**What the task asks**
A word-for-word copy of the listing, free of images, is the expected answer.

**Data extract**
───

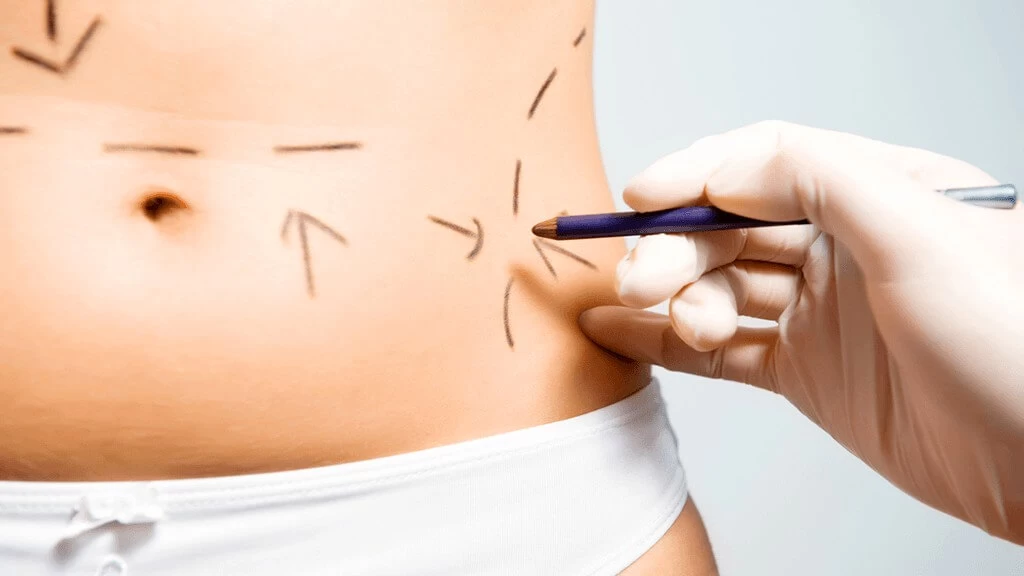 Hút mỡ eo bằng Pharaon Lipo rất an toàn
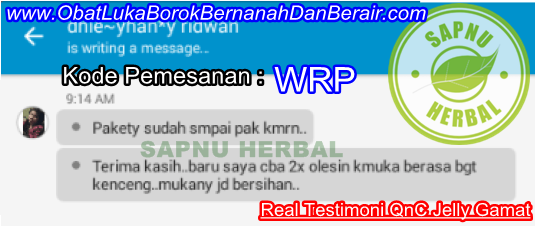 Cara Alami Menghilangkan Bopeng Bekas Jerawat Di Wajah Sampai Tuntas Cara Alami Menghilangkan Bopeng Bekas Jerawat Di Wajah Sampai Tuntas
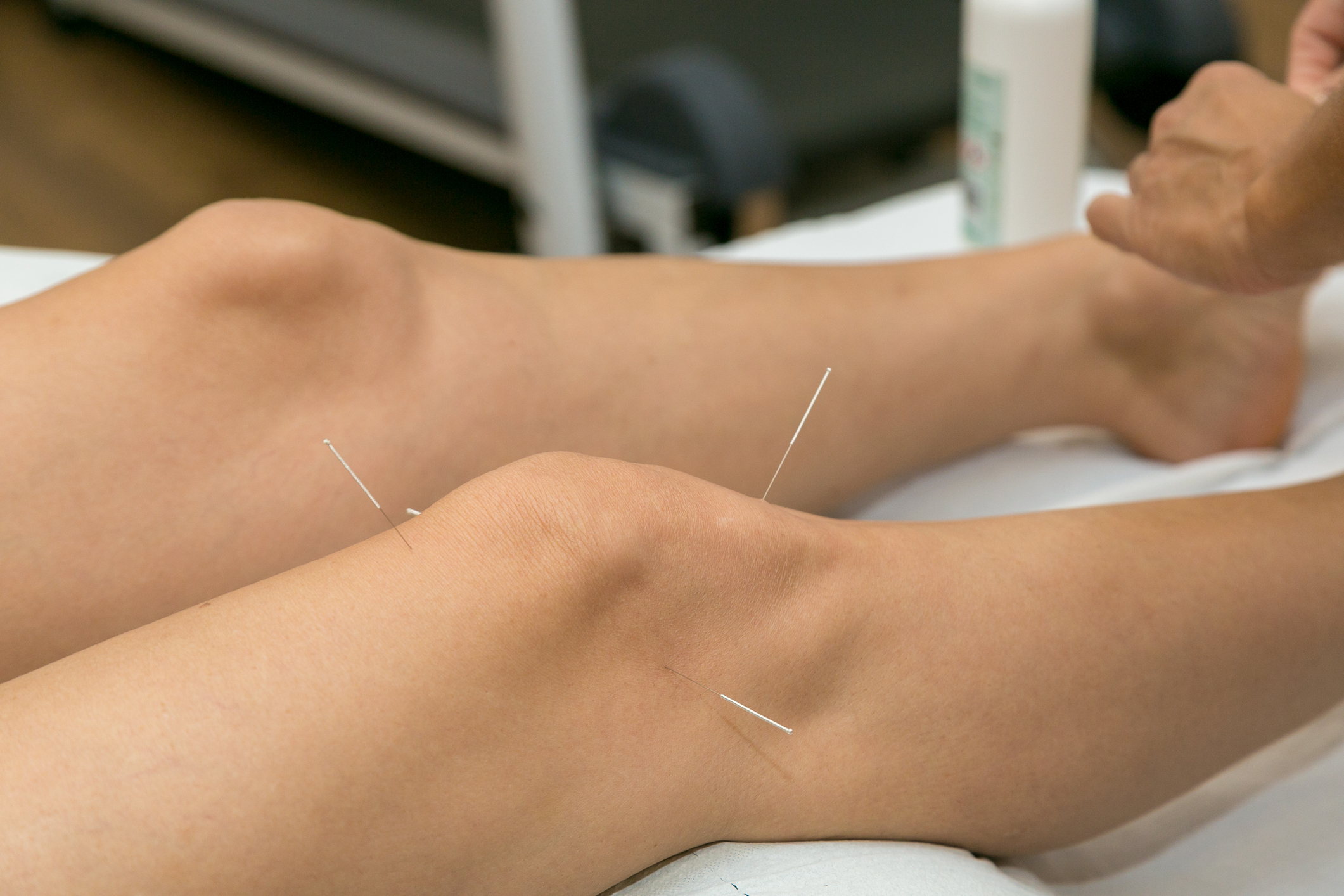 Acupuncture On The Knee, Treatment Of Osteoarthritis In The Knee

───

**Reply**
 Hút mỡ eo bằng Pharaon Lipo rất an toàn
 Cara Alami Menghilangkan Bopeng Bekas Jerawat Di Wajah Sampai Tuntas Cara Alami Menghilangkan Bopeng Bekas Jerawat Di Wajah Sampai Tuntas
 Acupuncture On The Knee, Treatment Of Osteoarthritis In The Knee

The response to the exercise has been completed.